Incomplete washup can be isolated simply by seeing what color your contamination is. If you just finished a red and your discoloration is red, then your washing technique is at fault. If your discoloration is graying or hazing, then look at the rinsing angle.

If the operator rinses out the mill with solvent, and just keeps running the agitator, there will be some metallic discoloration from the vessel walls and the agitator. This is less noticeable with glass than with anything, but even smooth glass beads, especially dense ones, if they are just agitated in solvent and allowed to settle to the bottom of the mill, will grind away at each other and the mill. Higher density ceramic beads will be much worse. Since this is an operator error, the amount of discoloration will vary depending on just how long he rinses. Just jog the agitator, don't keep it running while rinsing. The media washes in a snap. The color is in the pump and piping.
 
MY OUTPUT RATE VARIES. THE MEDIA GOES UP AND DOWN. WHY?

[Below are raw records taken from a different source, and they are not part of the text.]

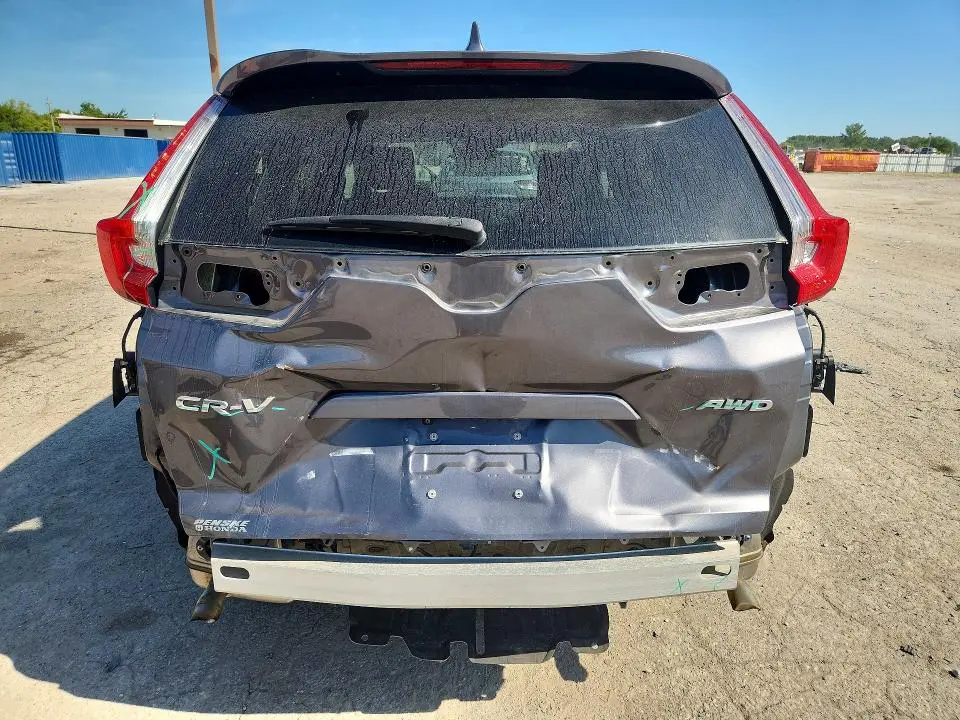 2019 HONDA CR-V EXL  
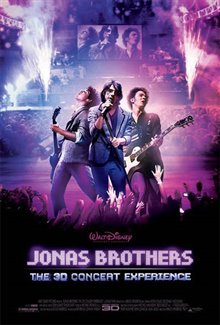 Jonas Brothers: The 3D Concert Experience Photo 13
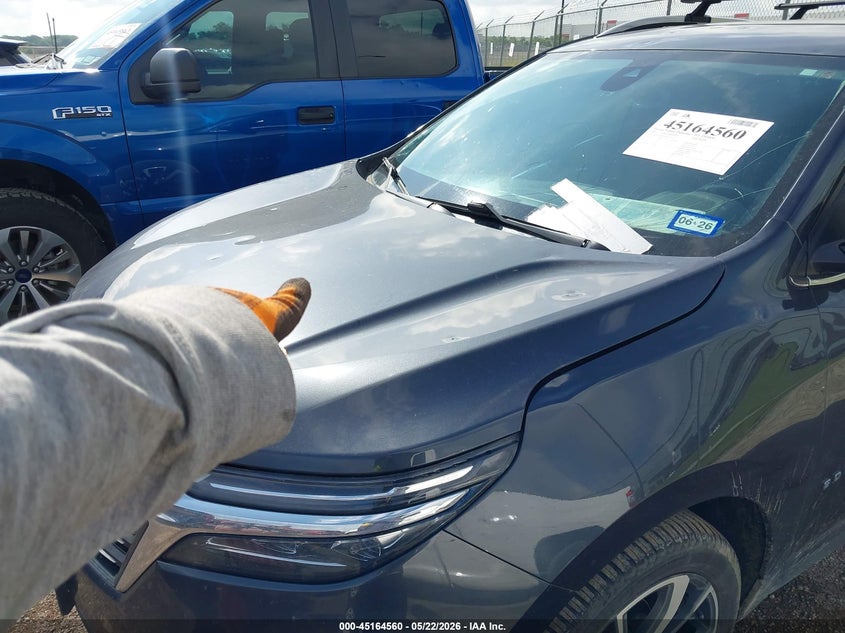 2022 CHEVROLET EQUINOX auction photo 6
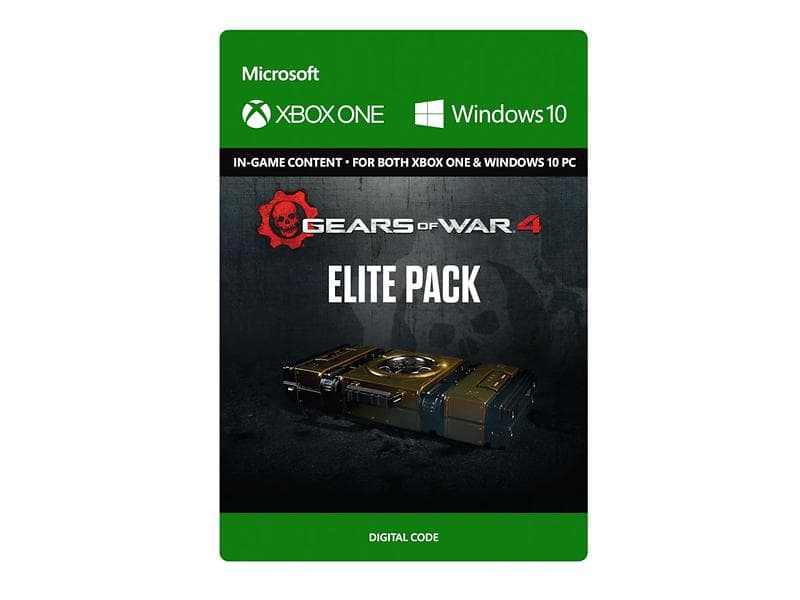 Gears of War 4 - Elite Pack (PC/Xbox One)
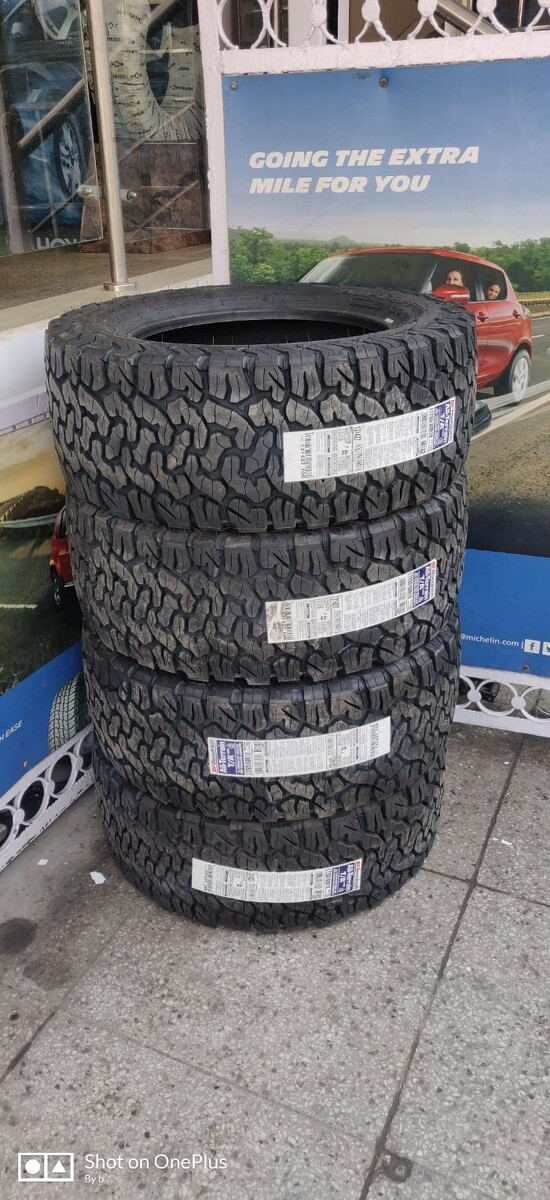 Images Michelin Tyres & Services - B. K. Tyres
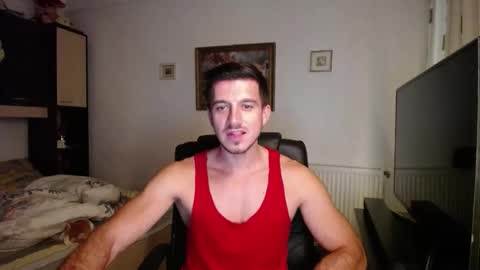 Mia and Jake online show from October 12, 2025, 1:54 pm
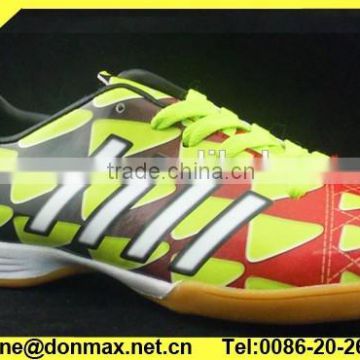 Popular Colorful Indoor soccer shoes Hot sale Football boots Factory RB Sole Soccer Boots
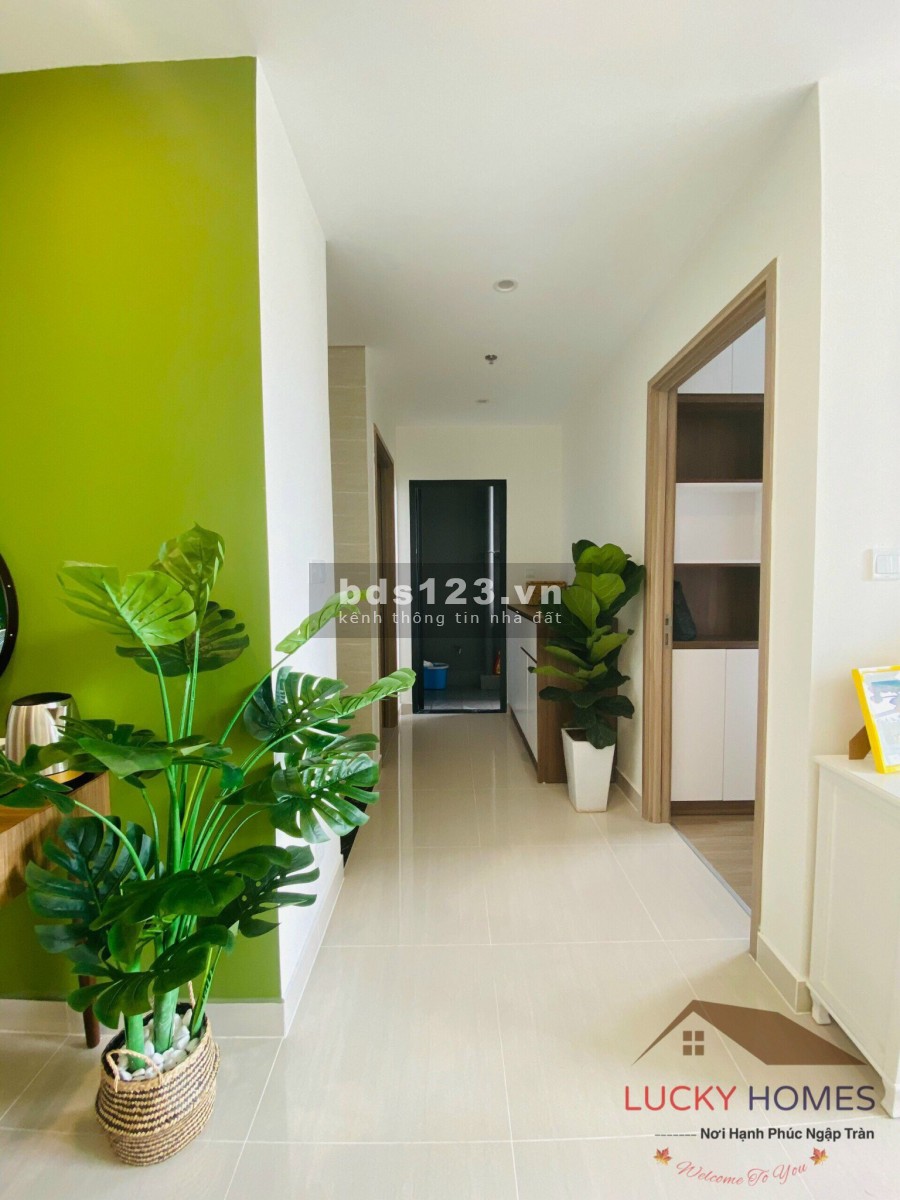 Cho thuê căn hộ Vinhomes Ocean Partk 2 phòng ngủ +1 full đồ giá chỉ 5,7 triệu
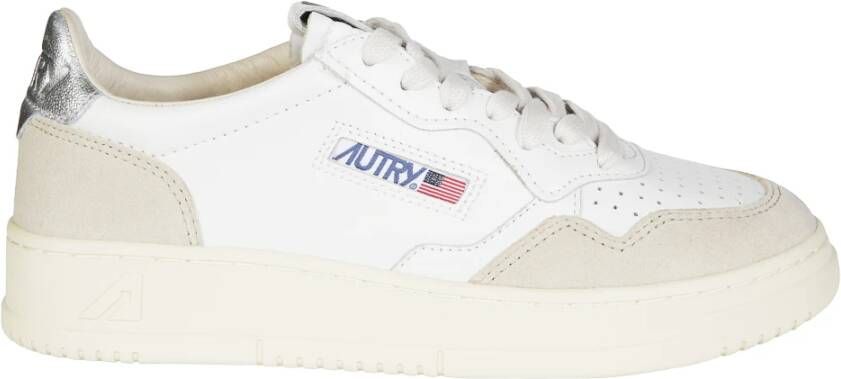 Autry Lage Sneakers voor Vrouwen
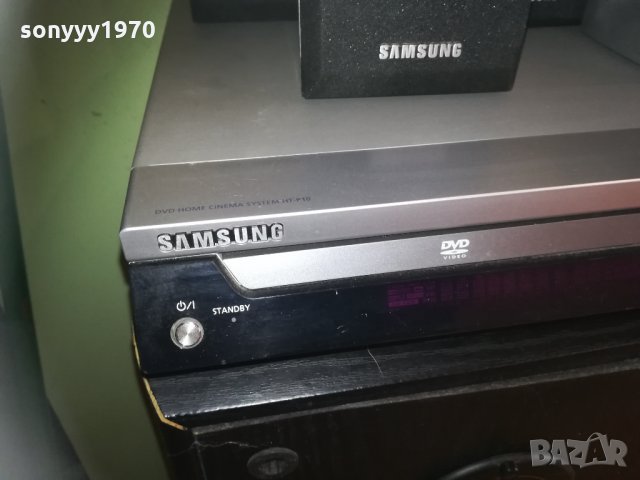 samsung dvd receiver & 5 speakers 2201211222, снимка 13 - Ресийвъри, усилватели, смесителни пултове - 31515034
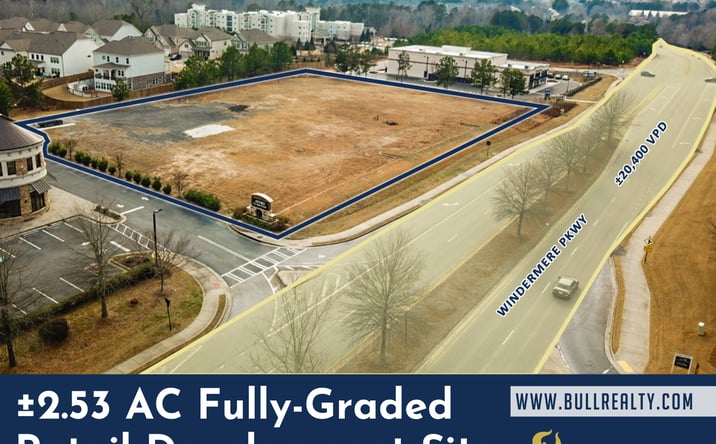 Pictures of Land property located at Windermere Pkwy, Cumming, GA 30041 for sales - image #1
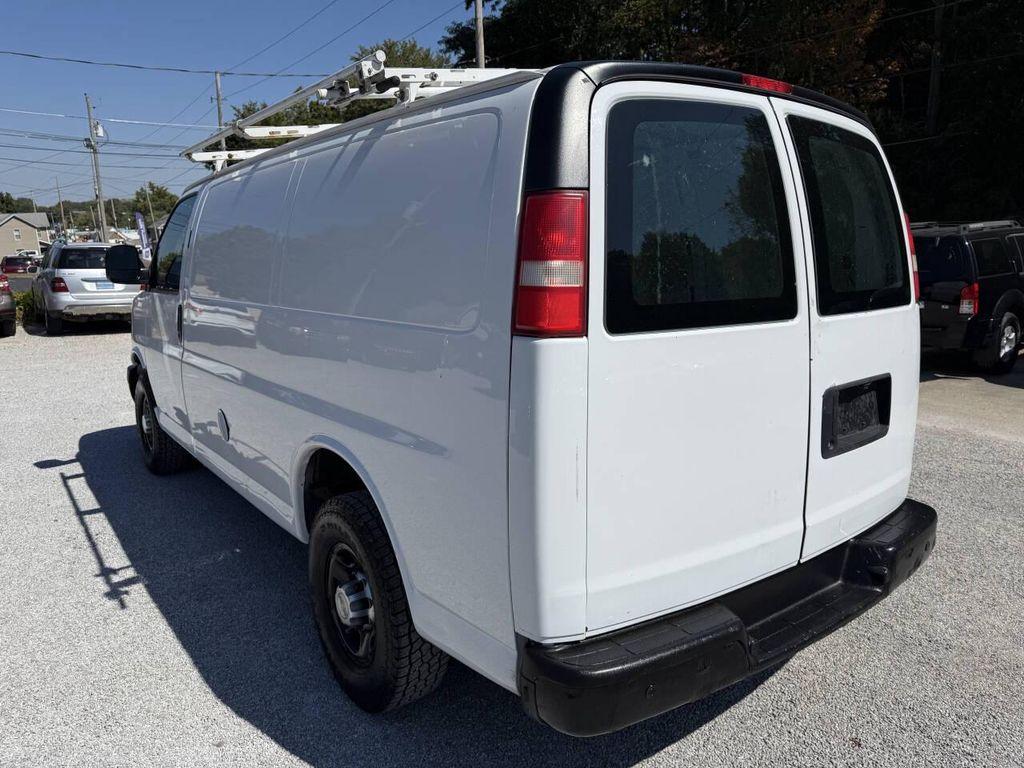 used 2014 Chevrolet Express 3500 car, priced at $8,995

This is a pump feeding problem. The pump will feed exactly the same amount constantly, but only if it can get to it. Your suction lines to the pump are too small, too long, or of crushed hose. Possibly you are forgetting to clean the strainer. Make sure you have a good gasket in your quick-couplings, and that there are no air leaks in the suction line of the pump, even tiny ones.
 
WE GET ALL KINDS OF FIGURES ON VISCOSITY FOR OUR MILLS. WHAT RANGE OF VISCOSITIES CAN WE HANDLE IN MOST SMALL MEDIA MILLS?
This is one of those things that can't be limited. Go back to the section on formulation. If a paste is too highly pigmented, it will fight the mill with dilatancy, even though it is apparently thin. If the resin solids are too high the grind will be slow, and the mill will flood at moderate rates, again even though the material is highly fluid. Some pastes work well at 50 KU and sandmills on sand are running successfully at well over 120 KU. The figures you hear of 70 or 80 KU up to 95 or 120 KU are not limits, they are just coincidentally where most successful formulations happen to fail. If in doubt, go to your pigment people; they can give you a good starting formula.
 
HOW HOT SHOULD I RUN MY MILL? I DON'T WANT IT BLOWING FUMES INTO THE ROOM.
Run it as hot as the material will allow. We touched on this earlier. If you don't, you won't get the rate up, and may not even get the grind. If you have a closed mill, fumes are no trouble. If you have an open mill, KEEP THE FUME GUARD ON! The fumes will condense rapidly and just fall back into the trough. Do not guess at the temperature. Put in a thermometer where the material flows over it all the time, and put the safe top temperature on the batch card for the operator.